Some weights of the model checkpoint at Rostlab/prot_bert were not used when initializing BertModel: ['cls.predictions.bias', 'cls.predictions.transform.LayerNorm.weight', 'cls.predictions.transform.LayerNorm.bias', 'cls.predictions.transform.dense.bias', 'cls.seq_relationship.bias', 'cls.predictions.decoder.bias', 'cls.predictions.decoder.weight', 'cls.predictions.transform.dense.weight', 'cls.seq_relationship.weight']
- This IS expected if you are initializing BertModel from the checkpoint of a model trained on another task or with another architecture (e.g. initializing a BertForSequenceClassification model from a BertForPreTraining model).
- This IS NOT expected if you are initializing BertModel from the checkpoint of a model that you expect to be exactly identical (initializing a BertForSequenceClassification model from a BertForSequenceClassification model).





In [2]:
def preproc_kiba():
    kiba = DTI(name="kiba").get_split()

    def gen_label(sub_df):
        sub_df.loc[:, "Label"] = sub_df.Y.map(lambda x: 1 if x >= 12.1 else 0)
        sub_df = sub_df.loc[:, ["Drug", "Target", "Label", "Y"]]
        sub_df.columns = ["SMILES", "Target Sequence", "Label", "Y"]
        return sub_df
    
    kiba_train = gen_label(kiba['train'])
    kiba_valid = gen_label(kiba['train'])
    kiba_test = gen_label(kiba['train'])

    kiba_train.to_csv("data/mol_trans/KIBA_train.csv", index=False)
    kiba_valid.to_csv("data/mol_trans/KIBA_valid.csv", index=False)
    kiba_test.to_csv("data/mol_trans/KIBA_test.csv", index=False)
    
# preproc_kiba()

In [3]:
def get_unique(fname_filter):
    flist = glob.glob(fname_filter)
    df = pd.DataFrame()
    
    for f in flist:
        df_ = pd.read_csv(f)
        df = df.append(df_)
    
    mols = df["SMILES"].drop_duplicates().reset_index(drop=True)
    prots = df["Target Sequence"].drop_duplicates().reset_index(drop=True)
    
    return mols, prots

davis = "data/mol_trans/DAVIS*.csv"
davis_mols, davis_prots = get_unique(davis)
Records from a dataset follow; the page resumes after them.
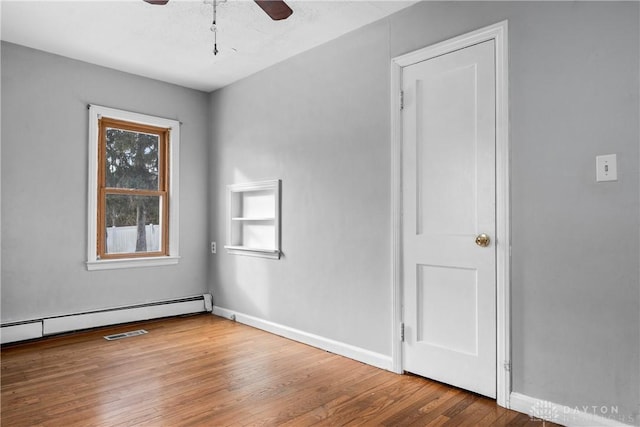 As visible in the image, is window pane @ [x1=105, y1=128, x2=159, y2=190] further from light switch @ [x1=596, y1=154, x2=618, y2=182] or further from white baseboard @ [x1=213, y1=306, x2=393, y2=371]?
light switch @ [x1=596, y1=154, x2=618, y2=182]

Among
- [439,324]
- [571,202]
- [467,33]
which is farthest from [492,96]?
[439,324]

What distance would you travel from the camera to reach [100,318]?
160 inches

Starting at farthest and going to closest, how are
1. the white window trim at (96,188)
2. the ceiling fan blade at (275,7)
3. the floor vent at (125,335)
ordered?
the white window trim at (96,188)
the floor vent at (125,335)
the ceiling fan blade at (275,7)

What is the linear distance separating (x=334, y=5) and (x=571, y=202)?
6.56 ft

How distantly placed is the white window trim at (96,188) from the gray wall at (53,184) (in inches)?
2.2

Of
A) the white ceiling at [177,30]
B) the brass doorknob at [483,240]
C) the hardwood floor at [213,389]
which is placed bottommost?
the hardwood floor at [213,389]

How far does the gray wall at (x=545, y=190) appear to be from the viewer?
2008 millimetres

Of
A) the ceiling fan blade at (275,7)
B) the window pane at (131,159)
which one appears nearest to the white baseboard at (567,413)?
the ceiling fan blade at (275,7)

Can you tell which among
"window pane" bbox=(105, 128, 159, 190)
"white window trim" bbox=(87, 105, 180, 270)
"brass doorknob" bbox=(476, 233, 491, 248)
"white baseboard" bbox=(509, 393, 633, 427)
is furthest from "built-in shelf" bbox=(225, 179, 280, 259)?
"white baseboard" bbox=(509, 393, 633, 427)

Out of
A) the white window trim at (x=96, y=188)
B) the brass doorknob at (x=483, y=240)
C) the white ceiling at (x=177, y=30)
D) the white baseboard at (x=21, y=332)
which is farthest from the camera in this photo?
the white window trim at (x=96, y=188)

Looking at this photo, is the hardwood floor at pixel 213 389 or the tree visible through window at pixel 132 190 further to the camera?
the tree visible through window at pixel 132 190

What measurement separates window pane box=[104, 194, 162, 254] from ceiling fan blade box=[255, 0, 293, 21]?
285 cm

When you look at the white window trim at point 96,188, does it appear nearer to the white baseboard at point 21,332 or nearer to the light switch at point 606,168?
the white baseboard at point 21,332

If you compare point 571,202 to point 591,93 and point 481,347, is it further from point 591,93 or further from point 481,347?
point 481,347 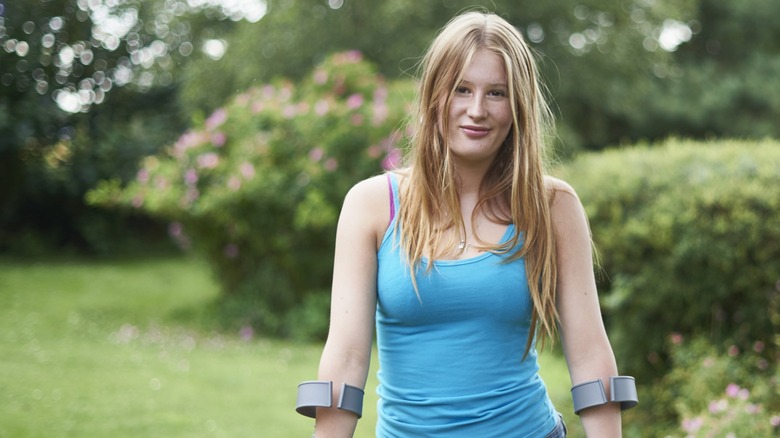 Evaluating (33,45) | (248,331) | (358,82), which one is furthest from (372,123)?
(33,45)

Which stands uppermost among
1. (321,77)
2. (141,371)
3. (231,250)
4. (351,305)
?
(321,77)

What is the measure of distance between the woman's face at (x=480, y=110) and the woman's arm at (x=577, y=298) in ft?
A: 0.65

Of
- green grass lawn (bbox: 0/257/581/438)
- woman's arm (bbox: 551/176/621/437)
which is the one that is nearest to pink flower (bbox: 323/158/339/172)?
green grass lawn (bbox: 0/257/581/438)

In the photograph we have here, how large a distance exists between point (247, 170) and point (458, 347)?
8.16 meters

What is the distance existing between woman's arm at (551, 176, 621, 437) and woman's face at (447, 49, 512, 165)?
20 cm

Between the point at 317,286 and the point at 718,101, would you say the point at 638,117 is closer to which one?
the point at 718,101

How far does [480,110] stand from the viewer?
2.13 meters

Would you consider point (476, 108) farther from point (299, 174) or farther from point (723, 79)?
point (723, 79)

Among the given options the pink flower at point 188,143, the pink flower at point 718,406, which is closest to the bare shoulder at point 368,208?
the pink flower at point 718,406

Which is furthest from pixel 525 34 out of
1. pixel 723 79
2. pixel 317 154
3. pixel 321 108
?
pixel 317 154

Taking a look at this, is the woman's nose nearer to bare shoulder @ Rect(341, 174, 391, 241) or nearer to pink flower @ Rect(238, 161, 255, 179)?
bare shoulder @ Rect(341, 174, 391, 241)

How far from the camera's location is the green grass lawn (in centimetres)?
627

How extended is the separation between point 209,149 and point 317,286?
205 cm

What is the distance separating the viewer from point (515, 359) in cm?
211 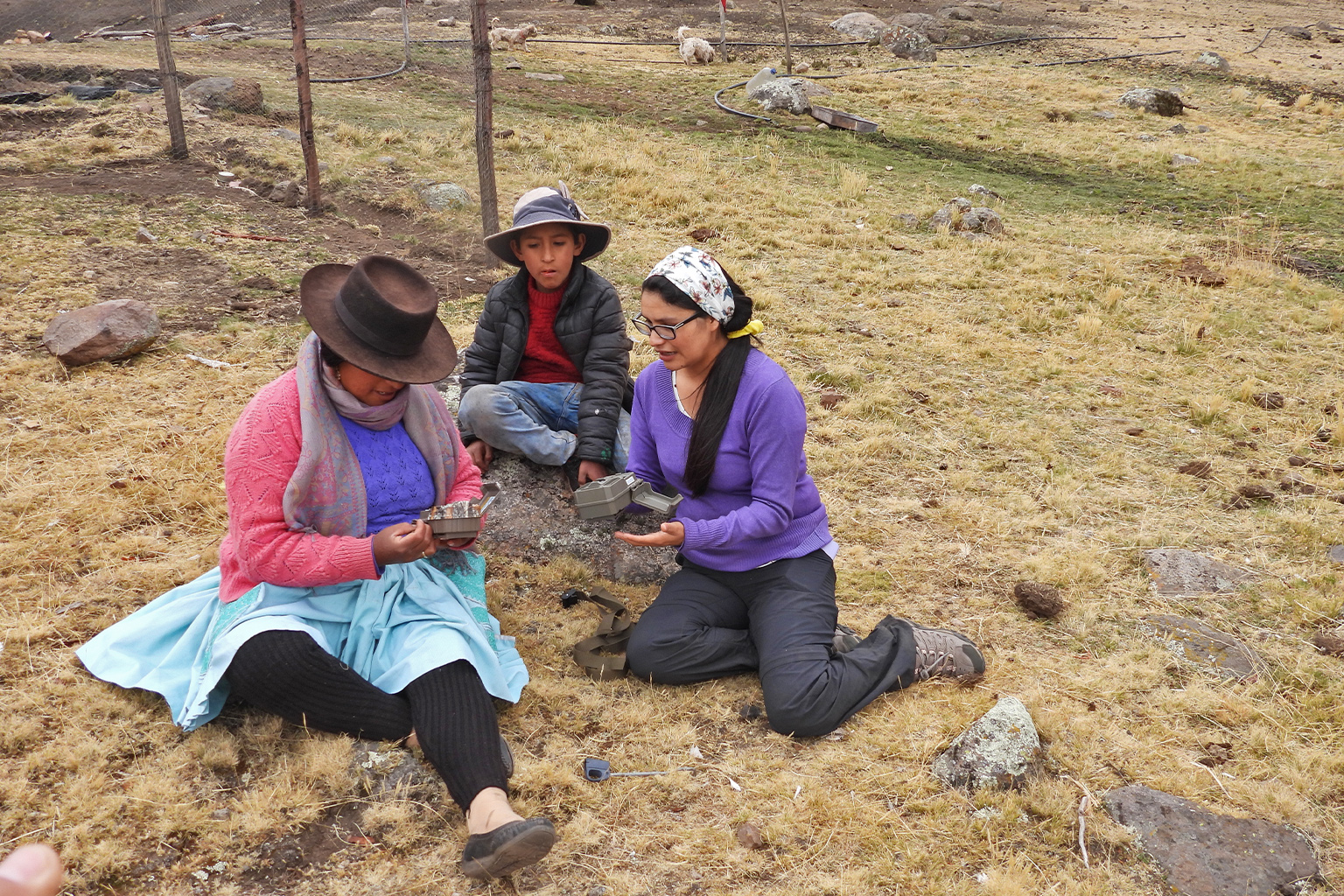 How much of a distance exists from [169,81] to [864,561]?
9.24 m

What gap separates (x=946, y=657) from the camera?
3645 millimetres

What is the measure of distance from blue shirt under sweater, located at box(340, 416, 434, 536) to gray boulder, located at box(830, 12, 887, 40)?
22.4 m

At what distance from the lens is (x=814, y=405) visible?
6.30 m

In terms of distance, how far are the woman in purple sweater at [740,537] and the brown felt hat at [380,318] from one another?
0.76 meters

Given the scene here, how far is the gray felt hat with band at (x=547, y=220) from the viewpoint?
4.21 m

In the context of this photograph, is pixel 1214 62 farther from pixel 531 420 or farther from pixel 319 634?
pixel 319 634

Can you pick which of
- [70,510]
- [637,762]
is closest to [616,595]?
[637,762]

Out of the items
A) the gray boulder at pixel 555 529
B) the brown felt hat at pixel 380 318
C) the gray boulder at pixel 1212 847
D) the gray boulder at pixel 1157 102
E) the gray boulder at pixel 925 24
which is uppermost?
the gray boulder at pixel 925 24

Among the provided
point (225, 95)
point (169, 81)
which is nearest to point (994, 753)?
point (169, 81)

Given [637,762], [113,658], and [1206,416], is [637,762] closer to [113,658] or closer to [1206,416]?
[113,658]

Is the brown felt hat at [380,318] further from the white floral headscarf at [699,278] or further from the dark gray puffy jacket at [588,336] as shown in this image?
the dark gray puffy jacket at [588,336]

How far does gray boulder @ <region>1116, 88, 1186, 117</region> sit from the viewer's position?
52.2ft

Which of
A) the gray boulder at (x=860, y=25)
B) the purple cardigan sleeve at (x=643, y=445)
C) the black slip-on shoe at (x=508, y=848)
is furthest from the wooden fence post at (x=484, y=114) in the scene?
the gray boulder at (x=860, y=25)

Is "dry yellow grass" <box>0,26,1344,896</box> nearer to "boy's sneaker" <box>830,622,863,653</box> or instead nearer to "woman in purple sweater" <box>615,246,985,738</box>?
"woman in purple sweater" <box>615,246,985,738</box> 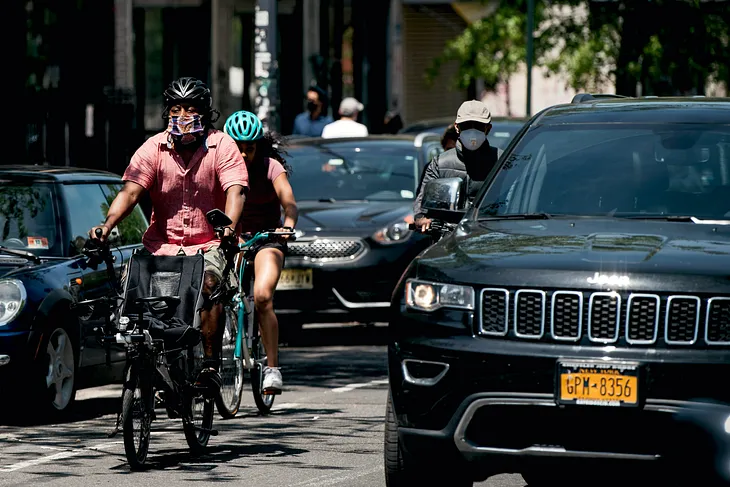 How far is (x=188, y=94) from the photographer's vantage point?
904cm

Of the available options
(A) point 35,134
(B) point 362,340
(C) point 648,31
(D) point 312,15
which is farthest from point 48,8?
(D) point 312,15

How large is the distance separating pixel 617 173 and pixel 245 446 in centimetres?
270

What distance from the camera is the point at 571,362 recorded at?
6223 mm

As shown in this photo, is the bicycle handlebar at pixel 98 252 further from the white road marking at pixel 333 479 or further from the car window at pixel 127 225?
the car window at pixel 127 225

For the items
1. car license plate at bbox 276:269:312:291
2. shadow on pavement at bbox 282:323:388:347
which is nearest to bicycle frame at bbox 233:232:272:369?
car license plate at bbox 276:269:312:291

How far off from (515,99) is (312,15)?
20982 mm

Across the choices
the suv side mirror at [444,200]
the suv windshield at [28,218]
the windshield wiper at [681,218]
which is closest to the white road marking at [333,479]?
the suv side mirror at [444,200]

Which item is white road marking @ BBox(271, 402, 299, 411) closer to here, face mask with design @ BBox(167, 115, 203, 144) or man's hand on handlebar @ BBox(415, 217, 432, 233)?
man's hand on handlebar @ BBox(415, 217, 432, 233)

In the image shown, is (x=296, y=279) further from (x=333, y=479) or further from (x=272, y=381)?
(x=333, y=479)

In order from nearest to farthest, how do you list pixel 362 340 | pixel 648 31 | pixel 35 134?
pixel 362 340 → pixel 35 134 → pixel 648 31

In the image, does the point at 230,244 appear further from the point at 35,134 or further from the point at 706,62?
the point at 706,62

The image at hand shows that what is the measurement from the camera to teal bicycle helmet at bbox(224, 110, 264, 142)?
10117 millimetres

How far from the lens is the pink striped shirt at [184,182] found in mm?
9133

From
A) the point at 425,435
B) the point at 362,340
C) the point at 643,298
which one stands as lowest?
the point at 362,340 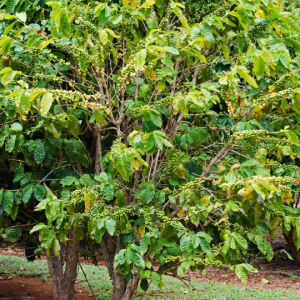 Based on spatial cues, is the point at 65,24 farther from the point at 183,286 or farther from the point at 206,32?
the point at 183,286

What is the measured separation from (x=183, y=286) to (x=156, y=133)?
4694 mm

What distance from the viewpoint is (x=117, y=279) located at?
3400 millimetres

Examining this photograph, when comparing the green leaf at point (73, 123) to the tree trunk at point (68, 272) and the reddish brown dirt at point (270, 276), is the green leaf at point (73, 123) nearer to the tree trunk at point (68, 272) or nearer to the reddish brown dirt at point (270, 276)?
the tree trunk at point (68, 272)

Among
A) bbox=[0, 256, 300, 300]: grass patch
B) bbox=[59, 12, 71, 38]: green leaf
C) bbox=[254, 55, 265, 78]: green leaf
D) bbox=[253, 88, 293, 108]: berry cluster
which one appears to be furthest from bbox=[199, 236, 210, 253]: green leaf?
bbox=[0, 256, 300, 300]: grass patch

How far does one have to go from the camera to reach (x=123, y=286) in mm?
3428

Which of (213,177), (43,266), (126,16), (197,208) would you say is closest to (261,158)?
(213,177)

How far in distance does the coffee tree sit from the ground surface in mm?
2881

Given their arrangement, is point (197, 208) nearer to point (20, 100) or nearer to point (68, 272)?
point (20, 100)

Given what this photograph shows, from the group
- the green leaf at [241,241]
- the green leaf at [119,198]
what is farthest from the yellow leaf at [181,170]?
the green leaf at [241,241]

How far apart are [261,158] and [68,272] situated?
252 cm

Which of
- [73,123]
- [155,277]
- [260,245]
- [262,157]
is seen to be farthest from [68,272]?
[262,157]

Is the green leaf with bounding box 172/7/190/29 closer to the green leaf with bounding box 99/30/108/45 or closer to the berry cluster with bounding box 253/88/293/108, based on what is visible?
the green leaf with bounding box 99/30/108/45

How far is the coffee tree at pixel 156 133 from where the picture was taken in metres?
2.53

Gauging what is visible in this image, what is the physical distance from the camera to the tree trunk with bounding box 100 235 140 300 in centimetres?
318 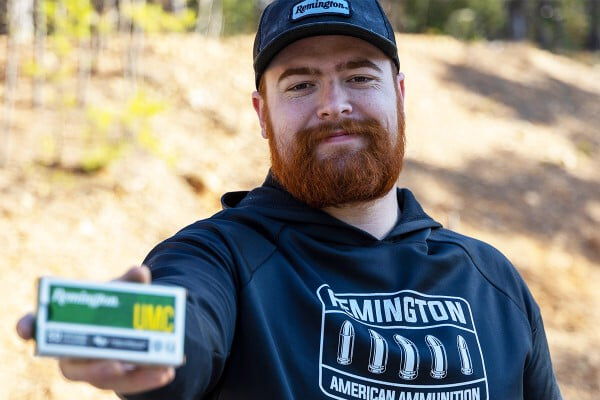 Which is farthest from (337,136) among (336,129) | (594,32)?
(594,32)

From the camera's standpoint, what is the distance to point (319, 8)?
2.40 meters

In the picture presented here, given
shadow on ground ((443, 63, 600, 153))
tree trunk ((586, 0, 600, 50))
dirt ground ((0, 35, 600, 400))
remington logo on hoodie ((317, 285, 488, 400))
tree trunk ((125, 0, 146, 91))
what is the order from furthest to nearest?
tree trunk ((586, 0, 600, 50)) → shadow on ground ((443, 63, 600, 153)) → tree trunk ((125, 0, 146, 91)) → dirt ground ((0, 35, 600, 400)) → remington logo on hoodie ((317, 285, 488, 400))

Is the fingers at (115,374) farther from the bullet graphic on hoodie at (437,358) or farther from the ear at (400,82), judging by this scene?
the ear at (400,82)

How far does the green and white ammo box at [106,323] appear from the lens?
1.19m

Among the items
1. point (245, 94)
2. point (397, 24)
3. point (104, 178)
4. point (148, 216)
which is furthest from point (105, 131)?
point (397, 24)

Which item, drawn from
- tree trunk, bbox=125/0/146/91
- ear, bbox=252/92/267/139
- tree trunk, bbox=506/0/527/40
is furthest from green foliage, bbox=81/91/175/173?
tree trunk, bbox=506/0/527/40

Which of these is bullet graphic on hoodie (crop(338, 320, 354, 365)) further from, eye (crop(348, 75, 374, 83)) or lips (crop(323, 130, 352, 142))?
eye (crop(348, 75, 374, 83))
binding = "data/mol_trans/BindingDB*.csv"
binding_mols, binding_prots = get_unique(binding)

# kiba = "data/mol_trans/KIBA*.csv"
# kiba_mols, kiba_prots = get_unique(kiba)

biosnap = "data/mol_trans/BIOSNAP*.csv"
biosnap_mols, biosnap_prots = get_unique(biosnap)

In [21]:
prots = np.array([])

for prot in [davis_prots, binding_prots, biosnap_prots]:
    prots = np.append(prots, prot)
    
prots = np.unique(prots)
prots = pd.DataFrame(prots, columns=['FASTA'])
prots.iloc[-1, 0] = prots.iloc[-1, 0].upper()
prots.to_csv("data/mol_trans/protein_sequences.csv", index=False)

In [12]:
def get_embeddings(df, fname, outfname, mode="mol"):
    cls_feature_dict = {}
    full_feature_dict = {}
    
    print(fname)
    for seq in tqdm(df, total=len(df)):
        if mode == "mol":
            name = seq[:10]
            X = mol_tokenizer.encode_plus(" ".join(seq) + " [PAD]" * (128-len(seq)), 
                                          return_tensors="pt", max_length=128, truncation=True)
            output = mol_encoder(**X.to("cuda"))
        elif mode == "prot":
            name = seq[:30]
            X = prot_tokenizer.encode_plus(" ".join(seq) + " [PAD]" * (768-len(seq)), 
                                           return_tensors="pt", max_length=768, truncation=True)
            output = prot_encoder(**X.to("cuda"))
        
        cls_feature_dict[name] = output[1].detach().to("cpu")
        full_feature_dict[name] = output[0].detach().to("cpu")
    
    with open("data/mol_trans/" + fname + "_" + outfname + "_cls.pkl", "wb") as f:
        pickle.dump(cls_feature_dict, f)
    
    with open("data/mol_trans/" + fname + "_" + outfname + "_full.pkl", "wb") as f:
        pickle.dump(full_feature_dict, f)
        
        
# get_embeddings(davis_mols, "davis_mols", "mol")
# get_embeddings(kiba_mols, "kiba_mols", "mol")
# get_embeddings(binding_mols, "binding_mols", "mol")
# get_embeddings(biosnap_mols, "biosnap_mols", "mol")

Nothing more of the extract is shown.